The Page News and Courier
- Type: Weekly newspaper
- Owner: Ogden Newspapers
- Founded: 22 May 1911
- Headquarters: PO Box 707, 1113 East Main Street Luray, Virginia 22835
- Circulation: 4,128 (as of 2021)
- OCLC number: 14979218
- Website: www.dnronline.com/page_news_and_courier/

= The Page News and Courier =

The Page News and Courier is Page County, Virginia’s largest general circulation newspaper and provides coverage of local and regional news, events, issues, people, and industries.

== History ==
The newspaper was founded in Luray, Virginia in 1911 by a merger between The Page News (established in 1881) and The Page Valley Courier (established March 1867).

An earlier newspaper, the Luray Review, may have been the predecessor of Page Valley Courier, having been established before the American Civil War. Due to financial woes experienced on account of the war, however, the Luray Review may have ceased production as early as 1862.

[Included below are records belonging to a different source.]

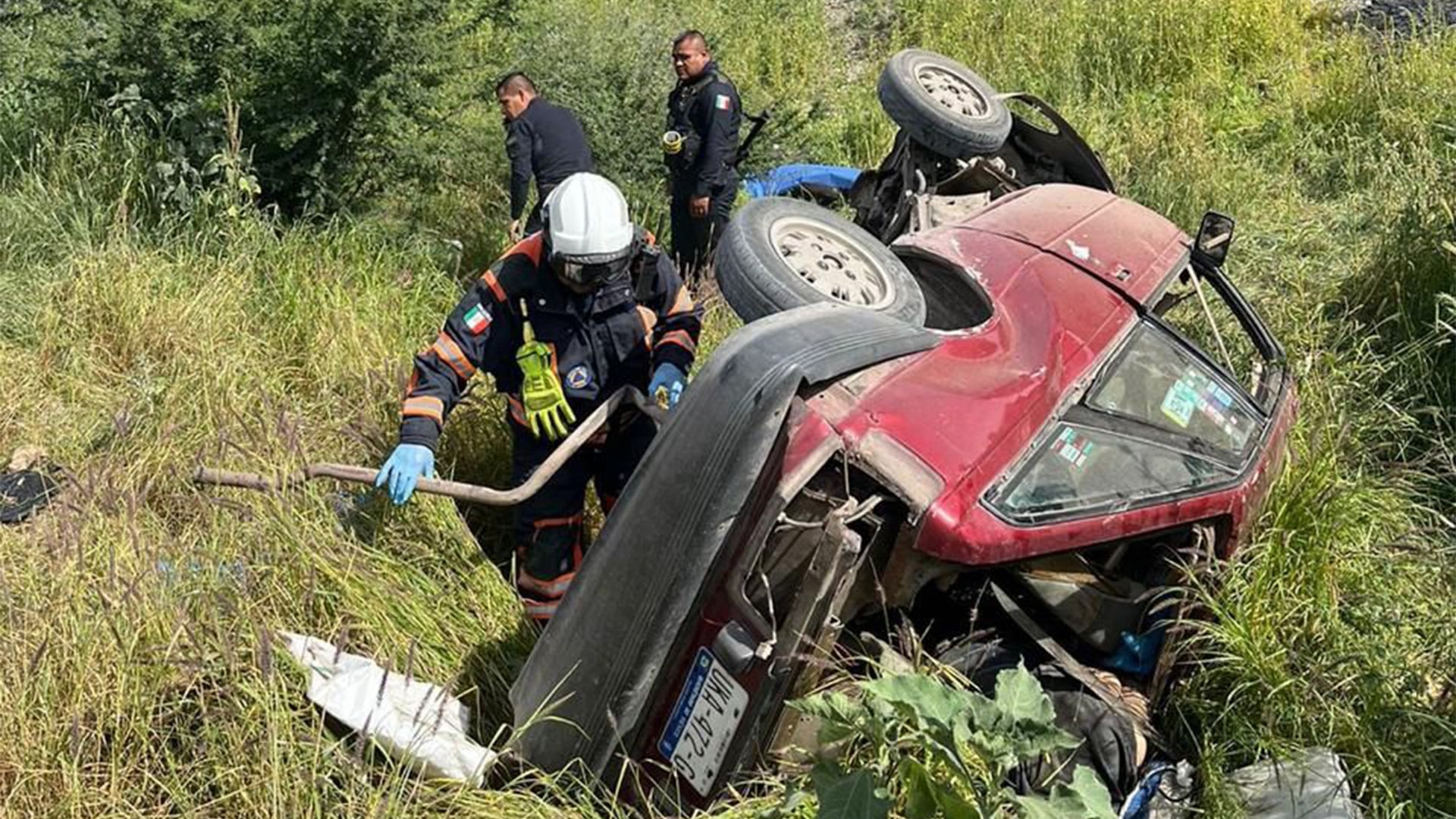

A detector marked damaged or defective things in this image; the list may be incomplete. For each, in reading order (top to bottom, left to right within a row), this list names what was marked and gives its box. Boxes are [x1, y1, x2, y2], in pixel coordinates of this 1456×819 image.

overturned red car [512, 49, 1298, 810]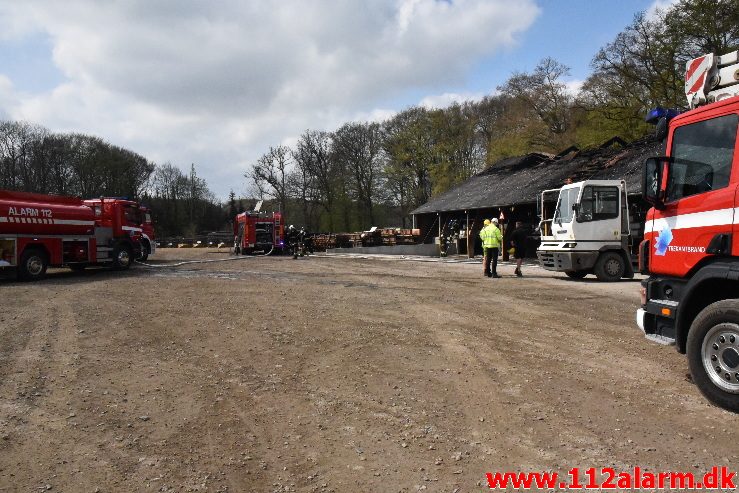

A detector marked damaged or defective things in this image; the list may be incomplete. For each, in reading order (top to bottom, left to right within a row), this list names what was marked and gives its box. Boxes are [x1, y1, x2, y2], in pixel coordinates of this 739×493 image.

burnt roof [410, 135, 664, 214]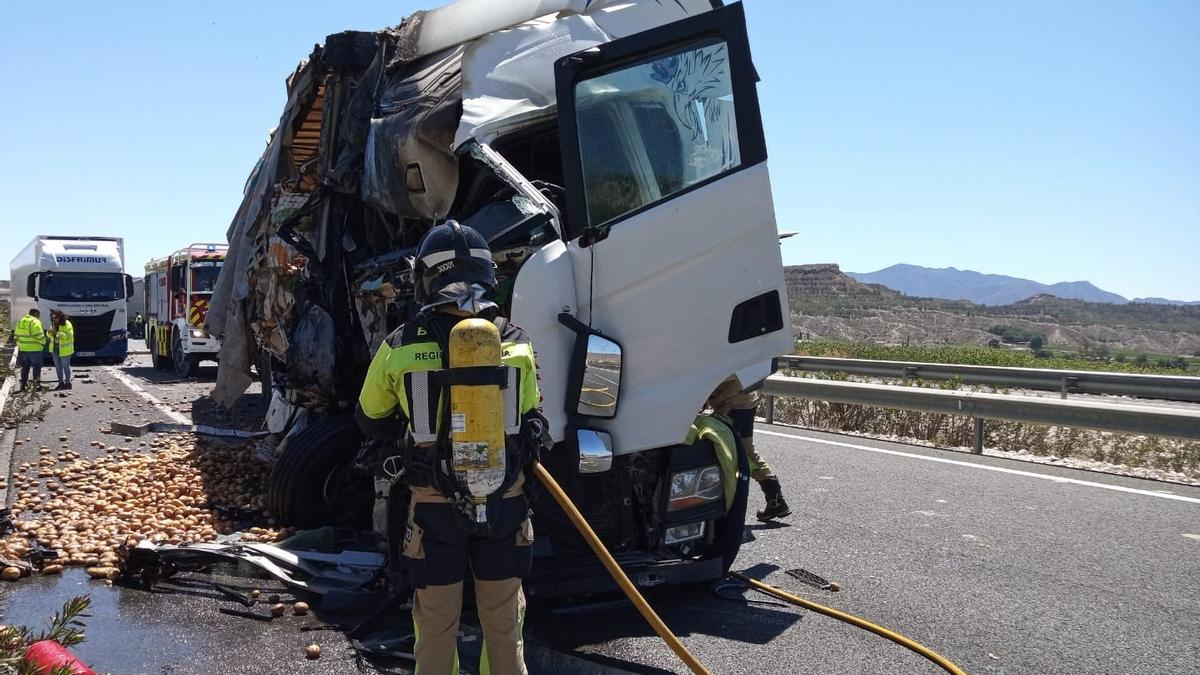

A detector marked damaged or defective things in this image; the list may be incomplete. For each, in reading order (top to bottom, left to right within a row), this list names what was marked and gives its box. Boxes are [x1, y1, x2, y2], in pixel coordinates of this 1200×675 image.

wrecked white truck cab [207, 0, 792, 588]
broken headlight [667, 461, 720, 509]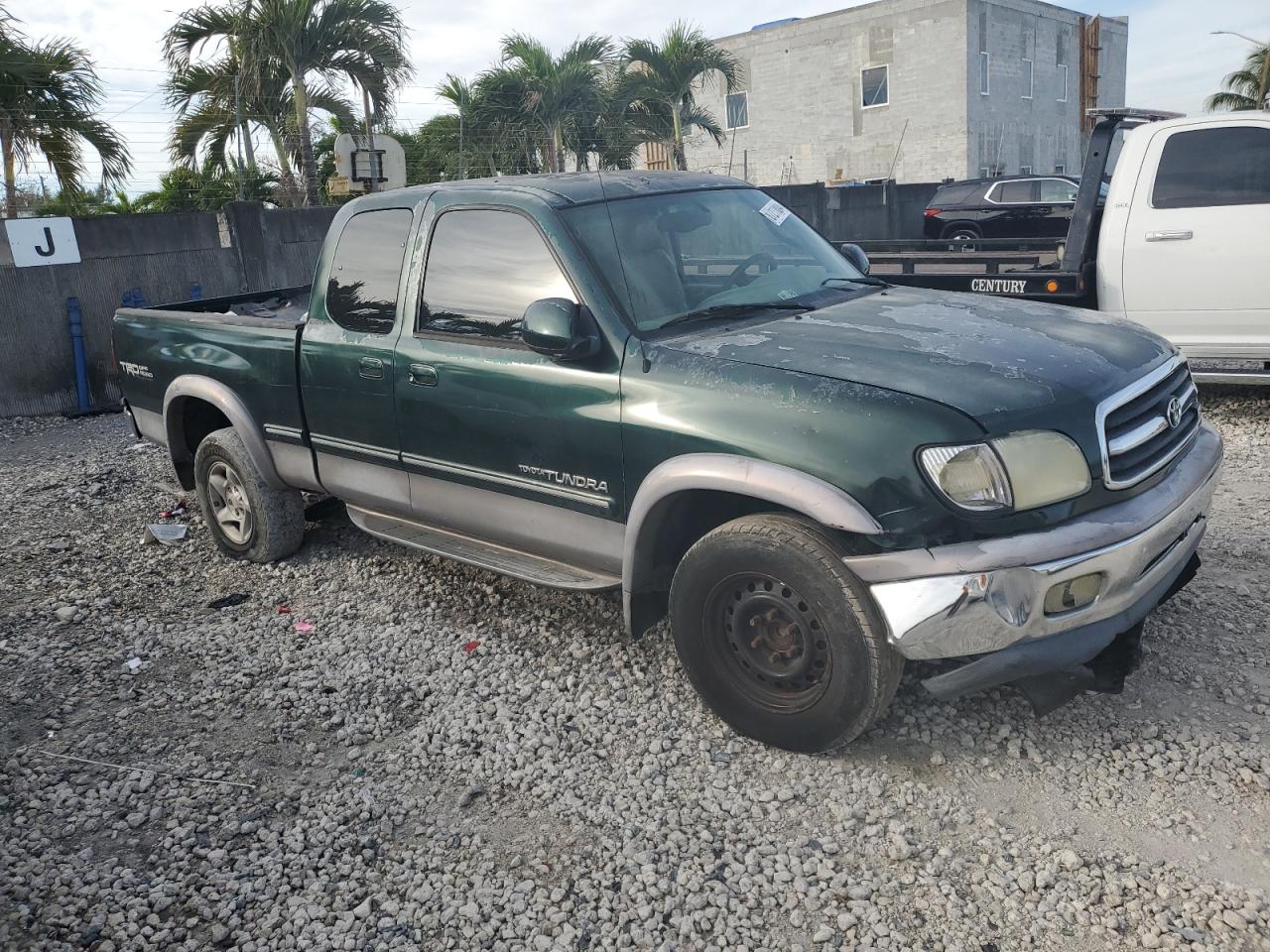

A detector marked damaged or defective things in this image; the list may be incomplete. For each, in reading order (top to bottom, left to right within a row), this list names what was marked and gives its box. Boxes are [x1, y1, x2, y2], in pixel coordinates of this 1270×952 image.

peeling paint on hood [665, 286, 1168, 426]
damaged bumper [842, 423, 1218, 700]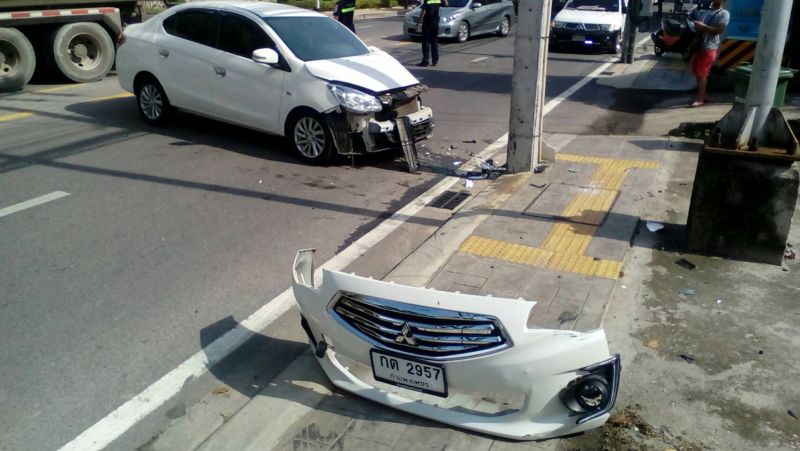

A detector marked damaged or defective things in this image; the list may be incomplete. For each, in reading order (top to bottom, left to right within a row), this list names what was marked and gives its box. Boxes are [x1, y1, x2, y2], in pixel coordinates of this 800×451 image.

crushed car hood [552, 9, 620, 25]
damaged white sedan [116, 1, 432, 164]
crushed car hood [304, 51, 418, 93]
broken grille [432, 192, 468, 211]
broken grille [332, 292, 512, 362]
detached white bumper [290, 249, 620, 440]
damaged white sedan [296, 247, 624, 442]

On March 6, 2018, it was announced that The Page News and Courier, along with the other Byrd family newspapers, was sold to Ogden Newspapers.

==Notes==
- With a circulation of 2,500, the weekly newspaper is viewed by a limited number of households of the county.
- The paper is released on Thursdays to newsstands and sold on the corner of Main and Broad in Luray. Those who subscribe to the paper via the United States Postal Service receive their copy on Thursday in the mail, hence the paper is printed and dated for Thursday distribution.
- The price of the paper was raised to $1.00 in 2024.